Over the past couple of weeks, the team finalized the technical setup, compacted the system, and fixed some problems with logging data onto the SD card reader. There were two setups for the Arduino unit on the receiver end. The Arduino was connected to a receiver board, which was activated by the key fob (wristband radio beacon) that transmitted the signal. In one setup, the Arduino was also connected to the SD card reader and the camera; in the other setup, the GPS unit replaced the camera.
When the GPS unit and the camera were each connected separately to the Arduino, they gathered GPS coordinates and images, respectively. This data would then be logged onto the SD card reader, but the team encountered some difficulties in doing so. The team needed to find a better way to alter the code of the GPS and camera so that the data collected would be directly sent to the SD card. To do this, the team consulted some of their mentors and came up with ideas on how to better set up the code's information. Then, trial-and-error testing was done to find the right alternatives to the code. After the changes were made, the team was able to have the GPS information and the camera's JPEG picture stored onto the SD card.
Regarding the camera, when the key fob is pressed, the receiver antenna picks up the signal and triggers the camera to take a picture.
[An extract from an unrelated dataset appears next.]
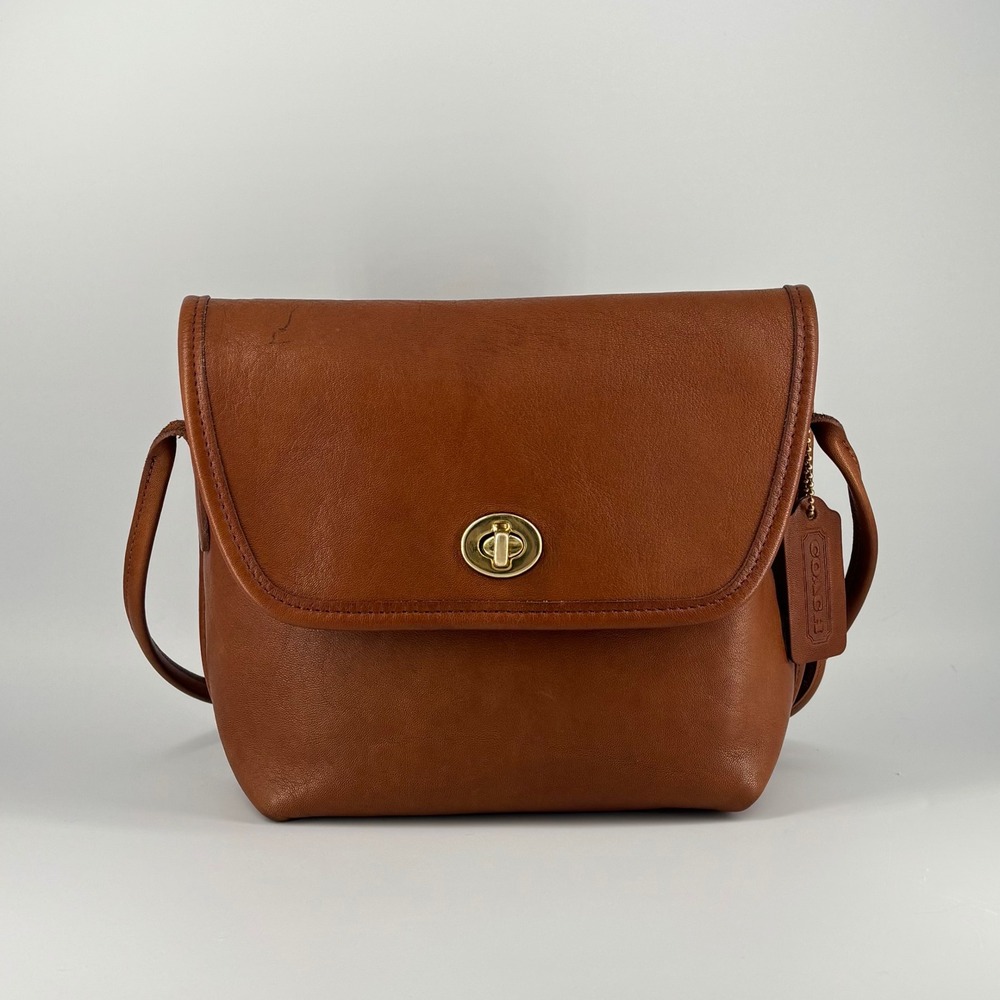 Vintage Coach Quincy Crossbody Bag w/ Hangtag | 1990s Tan Leather Turnlock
Then, the JPEG photo file is saved onto the SD card. Regarding the GPS unit, the latitude/longitude information as well as the time and date are stored onto the SD card. Using the keyfob to activate the GPS unit will be the next testing procedure.
The team recently connected both the GPS unit and camera to the SD card breadboard, compacting the components into one functional system. Soon, the system will further be compacted in order to reduce the amount of wires so it can be mounted onto the quadcopter.